FOI Law, An Affirmation Of Church's Teachings —CAN


The signing of the Freedom of Information (FOI) bill into law is an affirmation of the church’s teachings on distributive justice, fairness, accountability in public office and security.

Rev. Fr. Willy Ojukwu, Chairman of the Christian Association of Nigeria (CAN) in the Federal Capital Territory (FCT), said this in an interview with the News Agency of Nigeria (NAN) on Wednesday in Abuja.

Ojukwu noted that the law would help to curb some of the vices which the church condemned a nd put the country on the path of prosperity and progress.

The News Agency of Nigeria (NAN) reported that President Goodluck Jonathan signed the harmonised version of the bill on the FOI by the National Assembly into law on Saturday, a day before his inauguration.
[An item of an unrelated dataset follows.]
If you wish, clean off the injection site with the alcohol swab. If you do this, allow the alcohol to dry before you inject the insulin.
NAN also reported that the law, among other things, guarantees right of access to information held by public institutions, irrespective of the form in which it is kept.
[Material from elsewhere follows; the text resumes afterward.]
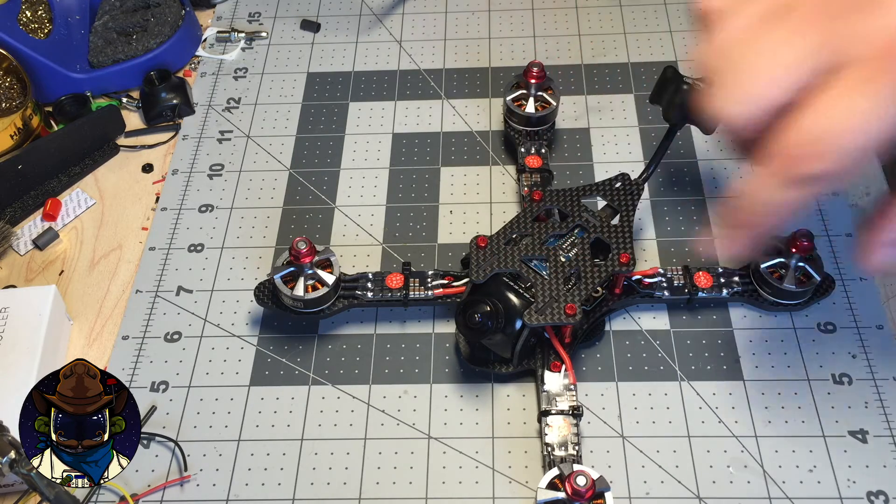This frame is really intended for advanced builders. Make sure you can build tight and that you're comfortable doing wiring in tight places. Let me put this back together and talk about one more thing related to the camera mount.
It is applicable to private institutions where they utilise public funds, perform public functions or provide public services.

The law also requires all institutions to proactively disclose basic information about their structure and processes, and mandates them to build the capacity of their members of staff to effectively implement and comply with the provisions of the Act.

The Freedom of Information Act further provides protection for whistleblowers and makes adequate provision for the information needs of illiterate and disabled applicants.

However, it recognises a range of legitimate exemptions and limitations to the public’s right to know but makes these exemptions subject to a public interest test that, in deserving cases, may override such exemptions.

NAN reported that the Federal Attorney-General is required to oversee the effective implementation of the Act and report on execution of this duty to Parliament annually.

Ojukwu said: “The signing of this law is a right step by Mr. President; it is in consonance with what we have been preaching in the church.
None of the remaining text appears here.